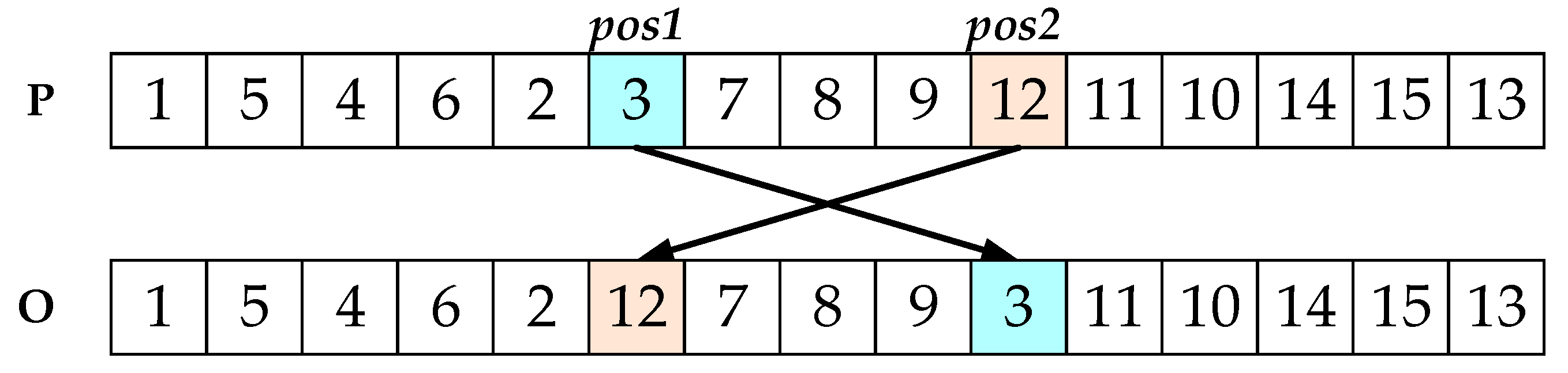 Mathematics 08 01745 g010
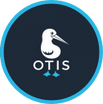 OTIS
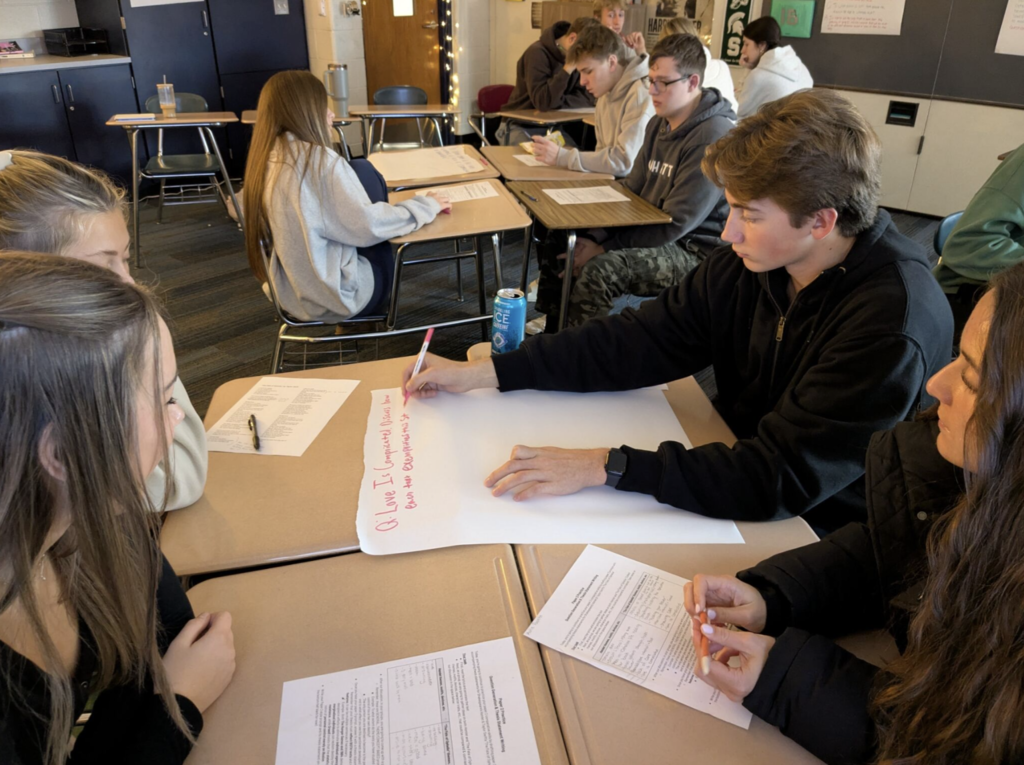 Screenshot 2025-12-02 at 9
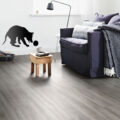 Polyflor Designatex – Platinum Oak 2142gallery-thumbnail-main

■ **Work order**: Reproduce the data word for word, excluding its pictures.

■ **Completed task**:
 Mathematics 08 01745 g010
 OTIS
 Screenshot 2025-12-02 at 9
 Polyflor Designatex – Platinum Oak 2142gallery-thumbnail-main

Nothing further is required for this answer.